Danville, PA (05/07/2012)
In early September 2011, Tropical Storm Lee stalled over central Pennsylvania only a week after Hurricane Irene swept the East Coast. The residual flooding cost residents and businesses thousands to millions of dollars in property damages. This included the hard hit Danville Area School District in Danville, PA.
Commercial large loss specialist, Reynolds Restoration Services, Inc. (RRS), was brought in by the Danville Area School District and School Claims Services for emergency remediation of the 82-room, 90,000-square-foot Danville Middle School. Immediately, RRS mobilized an emergency response team to the site and found a fully occupied facility inundated in a Class 3 and 4 loss with up to two feet of Category 3 water as the flooding Susquehanna River breached a sandbagged section of levy. The building was closed for three days until flood waters receded.
Once reopened, RRS drew on its extensive resources to staff the job with a labor force of over 70 crew members, senior project managers and project executives. For project effectiveness and the safety of workers, air and water samples were taken immediately. While no high levels of airborne contamination were detected, the samples did reveal extremely high levels of E. coli bacteria. As such, periodic samplings were maintained throughout the project to ensure the execution of proper protocols.

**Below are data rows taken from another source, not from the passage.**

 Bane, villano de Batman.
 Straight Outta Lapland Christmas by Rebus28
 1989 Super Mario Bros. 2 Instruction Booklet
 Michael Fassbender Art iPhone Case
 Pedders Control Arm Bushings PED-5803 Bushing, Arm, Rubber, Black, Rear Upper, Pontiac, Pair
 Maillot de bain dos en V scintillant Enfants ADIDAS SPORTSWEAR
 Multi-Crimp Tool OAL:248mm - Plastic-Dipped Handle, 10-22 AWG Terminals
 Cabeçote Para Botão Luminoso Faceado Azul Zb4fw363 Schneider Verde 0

The first challenge RRS faced was securing essential resources in a rural community hard hit by flooding. Many roads in and out of the area were closed. Local businesses were picked clean of materials. Dumpsters proved one of the most difficult items to get to the site. Most companies were depleted of inventory, and their drivers were slowed by long lines at the landfill, which was over an hour away from the project. Fortunately, RRS had much of the necessary equipment in-house, such as forklifts, trailers and heavy equipment. But mobilizing the four large desiccant (3-5500 BTU, and 1-6500 BTU) dehumidifiers with generators, and 350 air movers, was a challenge. Approximately 2,500 lineal feet of lay flat ducting was hung from the ceiling to distribute the desiccant air in classrooms, hallways, offices, gym, storage areas, etc. This was necessary because of the extent of water damage.

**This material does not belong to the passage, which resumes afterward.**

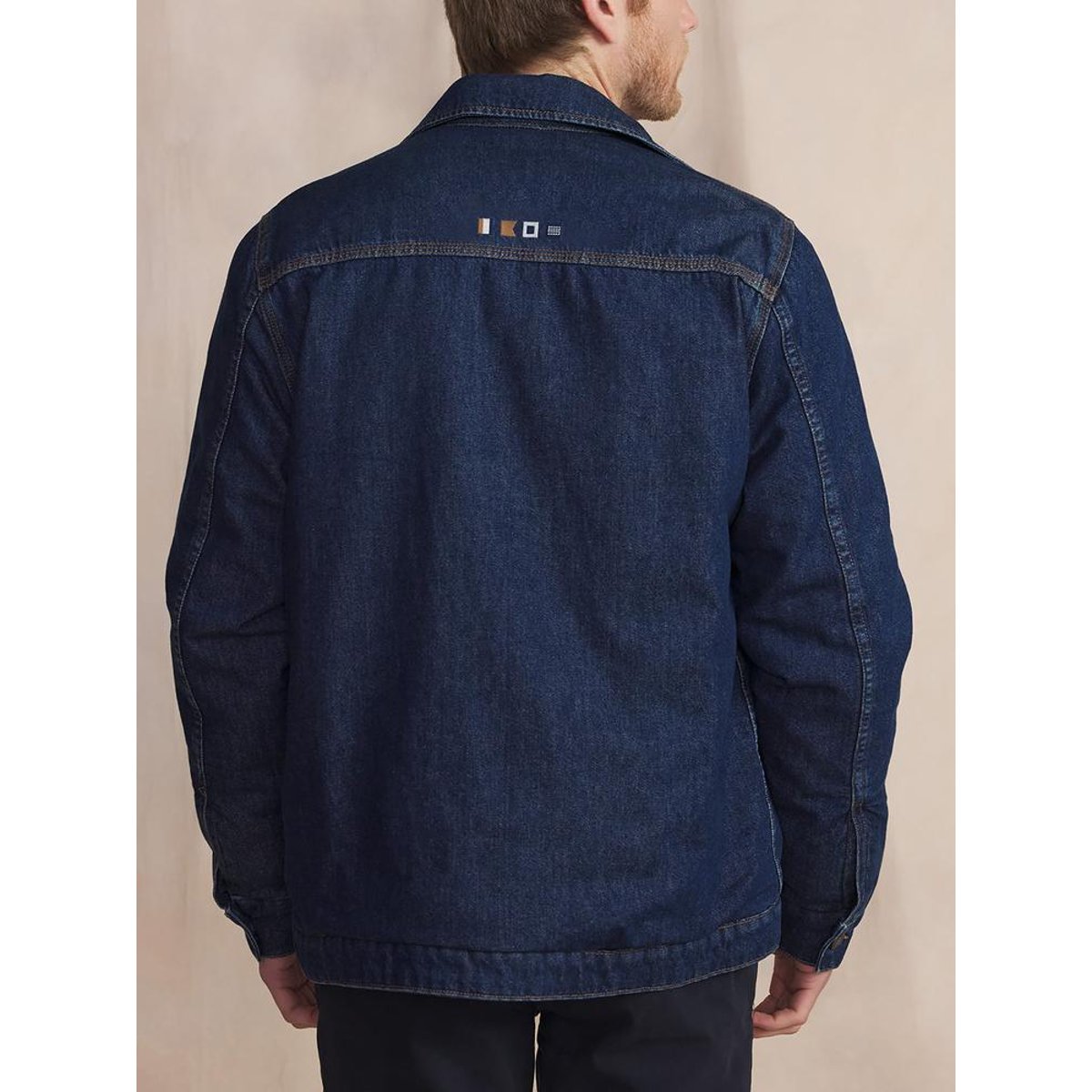 Blouson imperméable MANKIVES indigo, TBS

Several recessed areas, such as the boiler room, auditorium and mechanical crawl spaces were completely submerged and had not been drained. The entire boiler system was compromised and necessitated removal. Fortunately, key electrical components were not affected by the flooding and power was restored to most of the building within 48 hours. This proved invaluable in supporting the uninterrupted operation of restoration equipment. IT equipment also housed in the middle school building formed the hub for the entire data network for the school district. As such, this equipment was enclosed in a temporary structure within the building to protect it, keep it dust free and cooled.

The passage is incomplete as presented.